Introduction

The package gdsfmt provides a high-level R interface to CoreArray Genomic Data Structure (GDS) data files, which are portable across platforms and include hierarchical structure to store multiple scalable array-oriented data sets with metadata information. It is suited for large-scale datasets, especially for data which are much larger than the available random-access memory. The package gdsfmt offers the efficient operations specifically designed for integers with less than 8 bits, since a single genetic/genomic variant, like single-nucleotide polymorphism (SNP), usually occupies fewer bits than a byte. Data compression and decompression are also supported with relatively efficient random access.

Installation of the package gdsfmt

To install the package gdsfmt, you need a current version (>=2.14.0) of R. After installing R you can run the following commands from the R command shell to install the package gdsfmt.

Install the package from Bioconductor repository:

if (!requireNamespace("BiocManager", quietly=TRUE))
    install.packages("BiocManager")
BiocManager::install("gdsfmt")

Install the development version from Github (for developers/testers only):

library("devtools")
install_github("zhengxwen/gdsfmt")

The install_github() approach requires that you build from source, i.e. make and compilers must be installed on your system – see the R FAQ for your operating system; you may also need to install dependencies manually.

High-level R functions

Creating a GDS file and variable hierarchy

An empty GDS file can be created by createfn.gds():

library(gdsfmt)
gfile <- createfn.gds("test.gds")

Now, a file handle associated with “test.gds” is saved in the R variable gfile.
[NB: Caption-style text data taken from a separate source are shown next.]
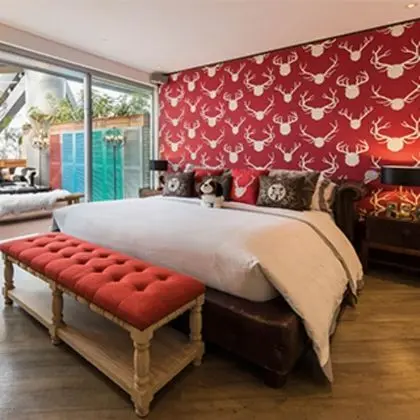 Deluxe Dağ Evi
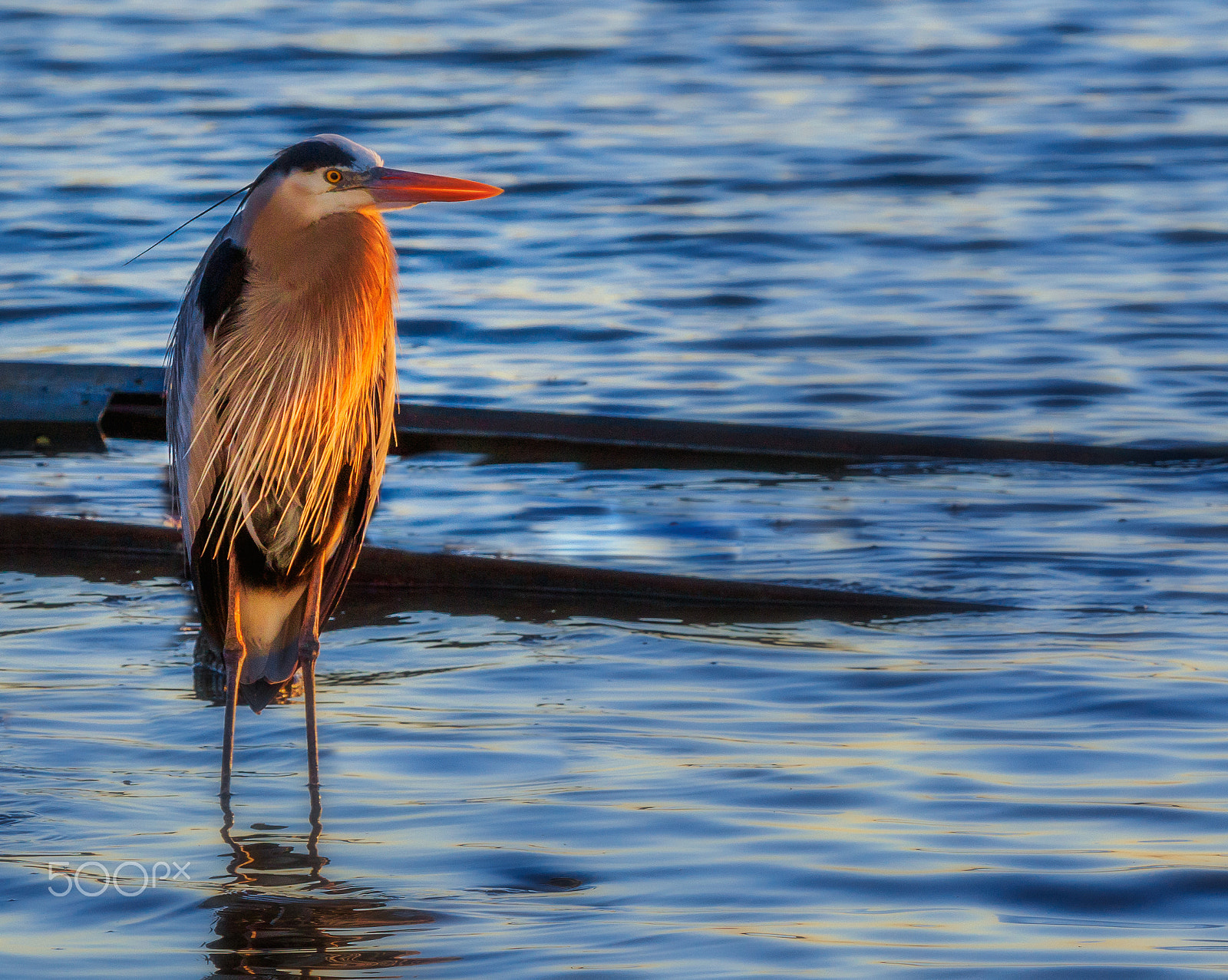 Canon EF 70-200mm F4L IS USM sample photo. Heron at sunrise photography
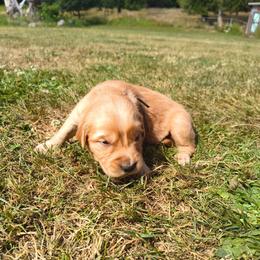 Zinnia- Light blue collar (4th pick female) - Dark golden female Golden Retriever puppy in Tenino, Washington from Oak River Goldens'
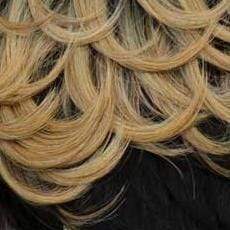 Freetress Equal Synthetic Wig - ERICA - Image 4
The GDS file can contain a hierarchical structure to store multiple GDS variables (or GDS nodes) in the file, and various data types are allowed (see the document of add.gdsn()) including integer, floating-point number and character.

add.gdsn(gfile, "int", val=1:10000)
add.gdsn(gfile, "double", val=seq(1, 1000, 0.4))
add.gdsn(gfile, "character", val=c("int", "double", "logical", "factor"))
add.gdsn(gfile, "logical", val=rep(c(TRUE, FALSE, NA), 50), visible=FALSE)
add.gdsn(gfile, "factor", val=as.factor(c(NA, "AA", "CC")), visible=FALSE)
add.gdsn(gfile, "bit2", val=sample(0:3, 1000, replace=TRUE), storage="bit2")

# list and data.frame
add.gdsn(gfile, "list", val=list(X=1:10, Y=seq(1, 10, 0.25)))
add.gdsn(gfile, "data.frame", val=data.frame(X=1:19, Y=seq(1, 10, 0.5)))
folder <- addfolder.gdsn(gfile, "folder")
add.gdsn(folder, "int", val=1:1000)
add.gdsn(folder, "double", val=seq(1, 100, 0.4), visible=FALSE)
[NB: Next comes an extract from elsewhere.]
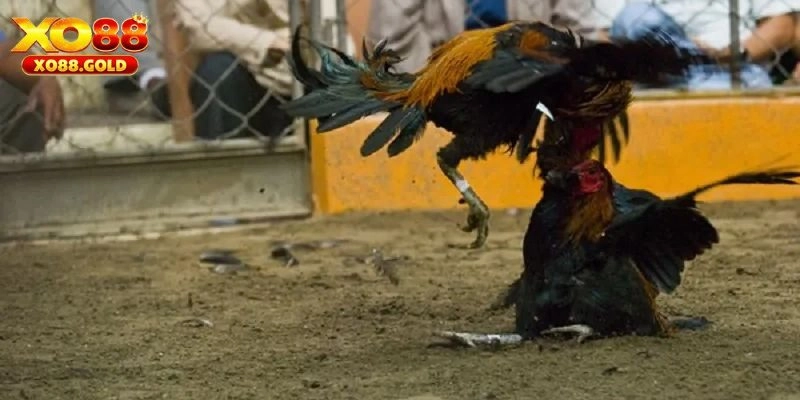 Tìm hiểu một số dòng giống đá gà Mỹ nổi bật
Users can display the file content by typing gfile or print(gfile):

gfile
## File: /tmp/RtmpaKG96c/Rbuildcdc3a769badad/gdsfmt/vignettes/test.gds (1.1K)
## +    [  ]
## |--+ int   { Int32 10000, 39.1K }
## |--+ double   { Float64 2498, 19.5K }
## |--+ character   { Str8 4, 26B }
## |--+ bit2   { Bit2 1000, 250B }
## |--+ list   [ list ] *
## |  |--+ X   { Int32 10, 40B }
## |  \--+ Y   { Float64 37, 296B }
## |--+ data.frame   [ data.frame ] *
## |  |--+ X   { Int32 19, 76B }
## |  \--+ Y   { Float64 19, 152B }
## \--+ folder   [  ]
##    \--+ int   { Int32 1000, 3.9K }

print(gfile, ...) has an argument all to control the display of file content. By default, all=FALSE; if all=TRUE, to show all contents in the file including hidden variables or folders. The GDS variables logical, factor and folder/double are hidden.

print(gfile, all=TRUE)
## File: /tmp/RtmpaKG96c/Rbuildcdc3a769badad/gdsfmt/vignettes/test.gds (64.6K)
## +    [  ]
## |--+ int   { Int32 10000, 39.1K }
## |--+ double   { Float64 2498, 19.5K }
## |--+ character   { Str8 4, 26B }
## |--+ logical   { Int32,logical 150, 600B } *
## |--+ factor   { Int32,factor 3, 12B } *
## |--+ bit2   { Bit2 1000, 250B }
## |--+ list   [ list ] *
## |  |--+ X   { Int32 10, 40B }
## |  \--+ Y   { Float64 37, 296B }
## |--+ data.frame   [ data.frame ] *
## |  |--+ X   { Int32 19, 76B }
## |  \--+ Y   { Float64 19, 152B }
## \--+ folder   [  ]
##    |--+ int   { Int32 1000, 3.9K }
##    \--+ double   { Float64 248, 1.9K } *

The asterisk indicates attributes attached to a GDS variable. The attributes can be used in the R environment to interpret the variable as logical, factor, data.frame or list.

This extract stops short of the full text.